Finally Friday/ Time to tell

Does it seem like this week went on FOREVER? It does to me. A friend of mine in Japan called on Tuesday and it seems like it has been weeks. But I don’t have much to say today…well, there’s been an entry in my mind for some time but I’m not sure it’s the right time to write it yet. It’s news, big news. Well, for my world anyway. There’s someone who reads this blog who I should have told on the phone but I haven’t yet. (Chris, I will call soon, I promise! Steve only knows because he called ME! :) ).

So, my big news: I’m pregnant. Just saying it feels awkward. “They” – oh the infamous “they” – say you’re not supposed to tell anyone until three months in, to reduce risk of miscarriage and disappointment to all you know. Well, according to the doctor last Thursday, I am about 8 or so weeks in, and the chance drastically reduces from there. We’re crossing our fingers anyway.

But yes, this is the one big thing that I’ve been focusing on lately. I have been eating small healthy meals, avoiding caffeine, sleeping a lot and trying not to blab it to everyone. But it’s difficult when it’s your first because – gosh – it’s just so exciting. It’s a big life changing… thing. It’s made us buy books and rearrange our house. We’re combining our offices into one, building desks for it, and then clearing out the other room for a nursery. Maybe it’s too soon but there’s a lot of work to be done. I’ve been planning how I’ll get around certain work related tasks, mainly paper. Since I run the copy machine, I have to go upstairs and get boxes of paper. I used to be able to haul them just fine onto the handcart but now, I’m really not supposed to. So who do I get to do it? This office tends to be a rumor mill so if I get a guy in the department to do it, will people thing there’s a thing… going on? Most of my superiors don’t know the news yet, only my immediate boss, who is so excited and supportive.

Ash has told a lot of people in his office – the older women who seem to love him like a son, especially one woman who lost her son. We’re making her and her husband the godparents, because it’s like giving them a gift when they have nothing. It will mean a lot to her. Ash also knows a lot of people at work who have young kids or recently had a baby so we have so many connections for knowledge. We also already know a lot of people with kids, mainly those whom we do dinner club with.
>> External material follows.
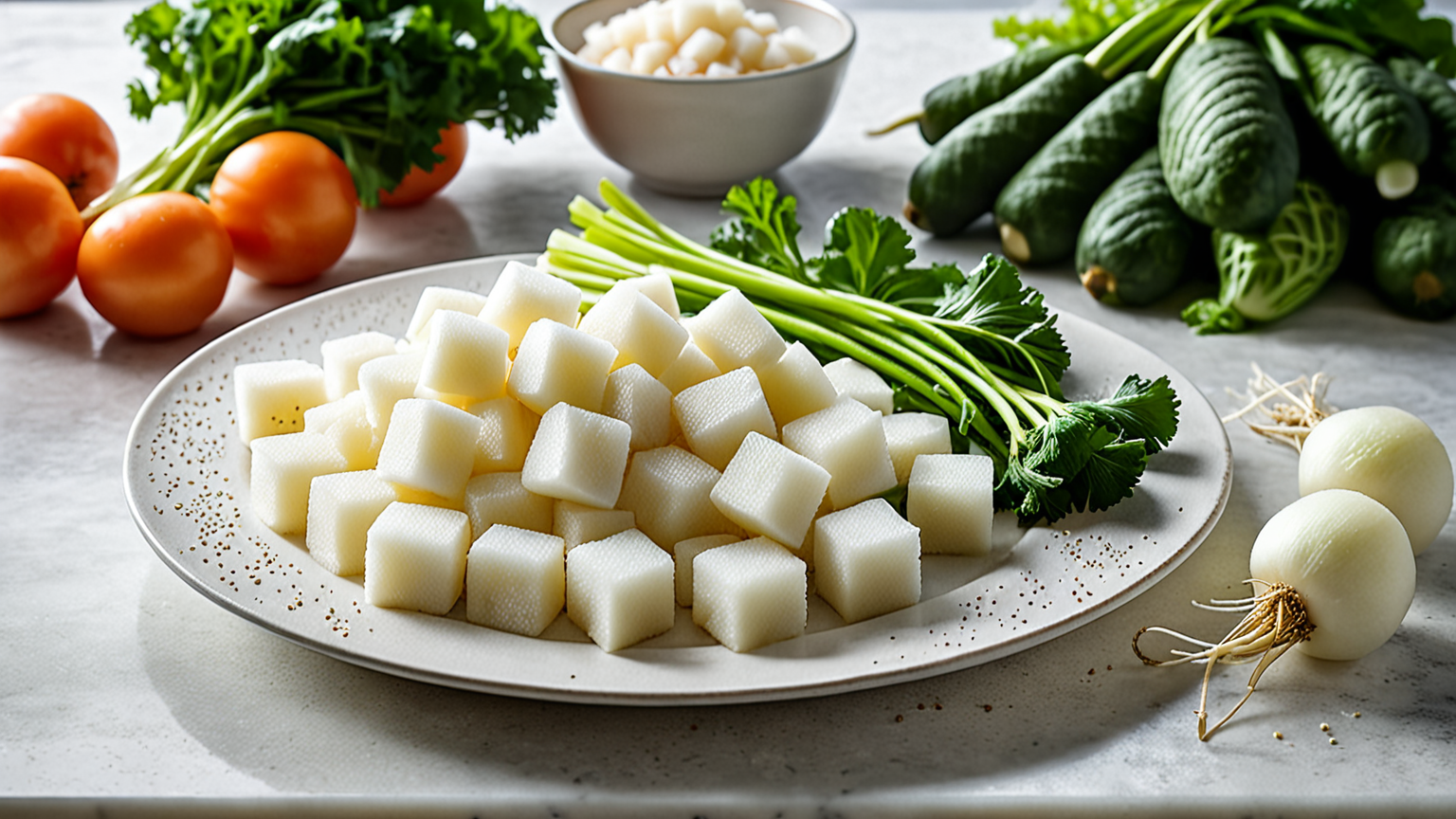 大根 冷凍 まずい 対処法のイメージ画像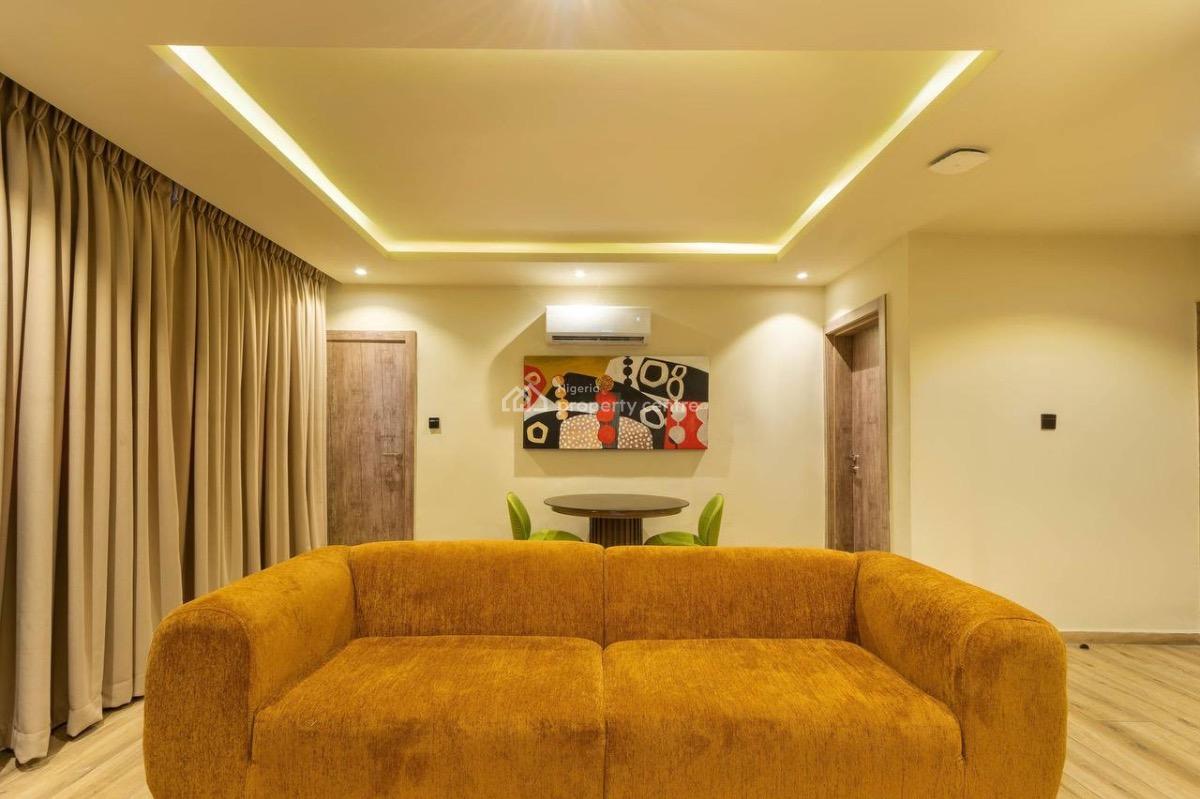 Newly Luxury 2 Bedroom Apartment with Ps5 & Snooker Netflix/prime, Lekki Phase 1, Lekki, Lagos, Flat / Apartment Short Let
Our next outing is next weekend so we’ll talk all about it. I’m kind of getting into the whole “mommy” thing; been reading mommy blogs and pregnancy.org. My mother says don’t let it consume me. But I don’t think it has. I still go about each day the same. I still come into my office and work all day, go home, play with the dogs and make dinner. Only now, my dinners include a lot more effort and protein.

So there’s my big news, finally off my chest. What’s going on in your worlds?